Blood Tells Everything, Nothing Else Can

Managing chronic diseases (diabetes, autoimmune disorders, organ transplant rejection) requires frequent measurement of blood biomarkers — glucose, drug levels, inflammatory markers, immune cell counts — through venipuncture or fingerstick blood draws. No wearable or implantable system can continuously measure clinically actionable molecular biomarkers non-invasively. Existing continuous glucose monitors (CGMs) are the only commercial success, but they measure interstitial fluid (not blood), require subcutaneous insertion, and can only measure one analyte (glucose). Tear fluid contains hundreds of biomarkers that correlate with blood levels (glucose, cortisol, immunoglobulins, cytokines, drug metabolites), but no sensor technology can simultaneously measure multiple tear biomarkers continuously, at clinically relevant concentrations, without interfering with normal tear film function or vision.

Over 129 million Americans have at least one chronic disease requiring ongoing biomarker monitoring. Diabetics perform 2–4 daily fingersticks or wear CGMs; transplant patients require monthly blood draws for immunosuppressant drug levels; autoimmune patients need periodic inflammatory marker panels. A wearable tear-based monitoring system that could continuously track multiple biomarkers would enable real-time therapeutic dose adjustment (closed-loop drug delivery), early detection of disease flares, and reduced clinical visit burden. The global biosensor market exceeds $28 billion, driven by demand for continuous, non-invasive monitoring.

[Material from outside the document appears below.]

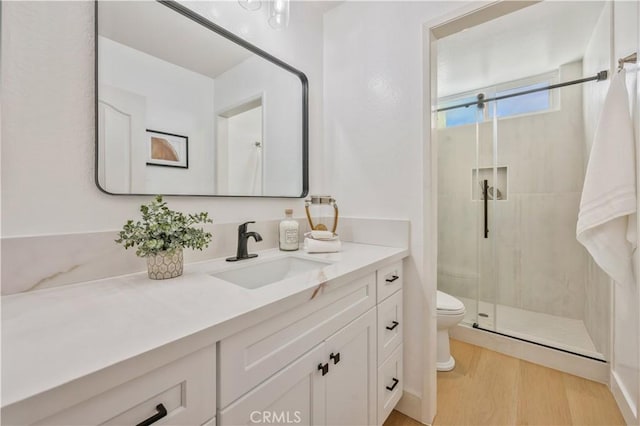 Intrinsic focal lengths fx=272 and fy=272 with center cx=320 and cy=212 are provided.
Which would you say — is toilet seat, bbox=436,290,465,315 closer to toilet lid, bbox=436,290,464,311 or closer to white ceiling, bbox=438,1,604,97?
toilet lid, bbox=436,290,464,311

Smart contact lenses for glucose monitoring have been pursued by Google/Verily (project abandoned in 2018), Samsung, and multiple academic groups. The core challenge is that tear glucose concentrations are ~10× lower than blood glucose and lag behind blood levels by 10–30 minutes, making real-time glycemic control unreliable. Additionally, reflex tearing (from irritation, emotion, or wind) dilutes biomarker concentrations unpredictably. Electrochemical sensors embedded in contact lenses face biocompatibility challenges — enzyme-based sensors degrade in the tear film environment within hours, and the power requirements for continuous measurement cannot be met by current flexible battery or wireless power technology at contact lens scale. Tear collection devices (Schirmer strips, capillary tubes) are used in research but are episodic, not continuous, and tear sample volumes are tiny (5–15 μL), limiting the number of analytes measurable per collection.

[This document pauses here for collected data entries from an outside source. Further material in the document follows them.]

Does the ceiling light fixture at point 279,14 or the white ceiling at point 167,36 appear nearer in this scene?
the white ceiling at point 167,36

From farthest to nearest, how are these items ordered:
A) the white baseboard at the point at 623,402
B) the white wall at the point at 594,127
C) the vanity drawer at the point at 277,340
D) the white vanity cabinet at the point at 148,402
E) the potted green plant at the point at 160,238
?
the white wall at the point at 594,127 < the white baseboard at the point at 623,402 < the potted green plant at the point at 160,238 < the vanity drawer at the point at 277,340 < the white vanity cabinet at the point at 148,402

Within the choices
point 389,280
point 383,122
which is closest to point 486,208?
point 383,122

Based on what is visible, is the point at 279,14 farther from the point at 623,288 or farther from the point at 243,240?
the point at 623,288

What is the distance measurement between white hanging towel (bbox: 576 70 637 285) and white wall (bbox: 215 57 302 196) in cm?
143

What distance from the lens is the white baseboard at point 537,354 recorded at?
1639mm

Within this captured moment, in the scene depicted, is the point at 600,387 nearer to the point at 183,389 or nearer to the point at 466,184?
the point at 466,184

A wearable tear-contact platform (punctal plug, contact lens, or conjunctival insert) with integrated multi-analyte biosensors that can: (1) continuously sample tear fluid without disrupting the tear film or causing irritation; (2) detect multiple biomarkers simultaneously at picomolar-to-nanomolar concentrations; (3) transmit data wirelessly to a smartphone or closed-loop drug delivery system; (4) maintain sensor stability and calibration for days to weeks in the ocular environment. The ARPA-H OCULAB program specifically envisions a punctal-plug-based platform (inserted into the tear drainage duct) that avoids the corneal surface, potentially solving the biocompatibility and vision-interference challenges of contact lens approaches.

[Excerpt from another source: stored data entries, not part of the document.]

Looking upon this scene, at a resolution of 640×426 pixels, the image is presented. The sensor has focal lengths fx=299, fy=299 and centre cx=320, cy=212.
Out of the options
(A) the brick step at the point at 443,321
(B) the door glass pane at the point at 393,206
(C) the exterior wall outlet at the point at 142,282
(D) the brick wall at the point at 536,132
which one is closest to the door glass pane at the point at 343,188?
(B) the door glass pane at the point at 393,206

A student team could characterize the correlation between tear and blood concentrations for a panel of clinically relevant biomarkers (cortisol, CRP, immunoglobulin A) using paired tear and blood samples from healthy volunteers, establishing the validation data needed for a tear-based monitoring system. An engineering team could prototype a miniaturized multi-analyte electrochemical sensor array on a flexible substrate, testing stability and sensitivity in simulated tear fluid. Relevant disciplines: biomedical engineering, analytical chemistry, ophthalmology, electrical engineering, materials science.